According to a press release from the California Community Colleges (CCC) Chancellor’s Office on March 20, 2017, the CCC’s Board of Governors “approved 14 community college districts in California to participate in the College Promise Innovation Grant Program,” which provides $15 million in funding to expand already existing College Promise programs or to implement College Promise programs in new districts.
The College Promise program was in part influenced by former President Barack Obama’s initiative to provide free higher education for high school graduates. “For every young person willing to work hard, I want two years of college to be as free and universal as high school is today,” said Obama. It was also in part influenced by the changing demands of the United States workforce, which is expected by 2020 to require a postsecondary education for more than 60 percent of U.S. jobs, as per Anthony Carnevale of Georgetown University’s Center of Education and the Workforce. However, the cost of higher education has increased dramatically in the past few decades, becoming less accessible to students of lower and middle income families according to the U.S. Department of Education.
Though California may have one of the largest higher education public systems in the U.S. that provides affordable and quality education, data from College Board still indicates that California has had a 115 percent increase in tuition since the fiscal year of 2004-2005. This tuition increase plateaued after Governor Jerry Brown’s freeze on tuition increase for in-state students years from 2011-2016, but is expected to increase five percent annually starting in 2017.
The College Promise program attempts to address both the monetary and social challenges of higher education by offering funding for students, developing a “college-going culture” and providing non-financial support services. Collectively, the objective of the program is to increase higher education completion rates and create stronger communities. College Promise programs create partnerships between K-12 schools, community college and four-year university segments to provide pathways for students to achieve their educational goals.

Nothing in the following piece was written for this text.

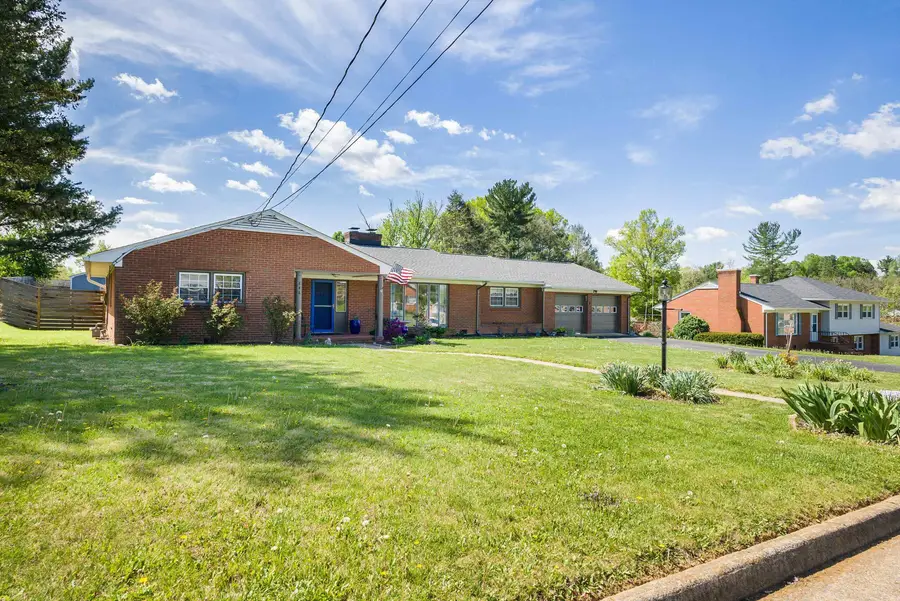 846 Kent Rd, Waynesboro, VA 22980 - #2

California has the largest number College Promise programs of any state in the U.S., with 23 in total including the recent approval of 13 more districts. Long Beach City College (LBCC) had the first College Promise program in California and in part inspired the state to start funding other districts as well.
Carol Ortega, high school program administrator at Long Beach Unified School District, explained how the program works in an interview with the Highlander. She explained that it is a collaborative partnership between LBCC, Long Beach Unified School District (LBUSD) and Long Beach California State University (CSULB) that “allows any student who graduates from any high school of LBUSD can go to LBCC for the first semester for free.”
“They can then get the second semester for free if they maintain a good standing of 2.0 GPA and have completed 12 units,” said Ortega. After two years, the students are eligible to attend CSULB if they are able to achieve the minimum transfer requirement.
The Long Beach program has been successfully running since 2008 with funding from the state through the CCC Chancellor’s Office of about $1.5 million as well as additional funding through fundraising efforts in the community and private sources. “Since the program started, more than 13,000 students have signed up for at least one free semester at LBCC and the number of LBUSD graduates who enrolled at CSULB increased by 71 percent,” stated The Press-Enterprise.
Paul Feist, Vice Chancellor for Communication at the CCC Chancellor’s Office, mentioned in an interview with the Highlander that, “in some cases, the program will cover all fees for students based on a set of criteria for a year or maybe two years. In other cases, public partnerships will provide additional resources to cover things like transportation, books or something else to help students afford college.” There is no direct aid from the federal Department of Education for the College Promise programs, but students are still eligible for Pell Grants and Free Application for Federal Student Aid (FAFSA) to supplement their education costs.
Feist also believes that there’s more than just the financial benefits for students who participate in this program because “there’s really a great value in these partnerships of aligning the K-12 students and districts with higher education, specifically community colleges. It exposes K-12 students from an early age to possibilities of going on to college or community college and transferring to a four-year institution,” said Feist.
Feist also mentioned that all the programs “still really vary in structure from community to community. They tailor to meet the needs of the students and the community in that area. So really there’s kind of a variety of elements that are included in the partnerships.”
Moreno Valley College started a similar program, called the “First-Year Experience Program” (FYE), in May of 2017 following the approval of the Chancellor’s office. Director of FYE at Moreno Valley, Edward Alvarez, explained the specifics to the Highlander. “Looking at our equity planning, looking at our demographics of our students, we know that we have a high number of students that graduate from high school that don’t continue on to higher education for many different reasons,” said Alvarez.
He explained that this was caused by socioeconomic inequalities of the demographic area that did not allow them the ability to buy books or afford transportation. “The goal of the program is to “remove some of this stress from them. Have them pursue higher education and in an environment where they don’t have to worry about such small issues.” Moreno Valley works in partnership with Moreno Valley Unified School District as well as Val Verde Unified School District and is expected to enroll up to 500 students for the school year of 2017-2018 under FYE.
Alvarez concluded that College Promise programs main intent is to focus on increasing access to higher education for all students by addressing the financial barriers and hopes that it will influence similar tuition free programs for other public higher education institutions as well.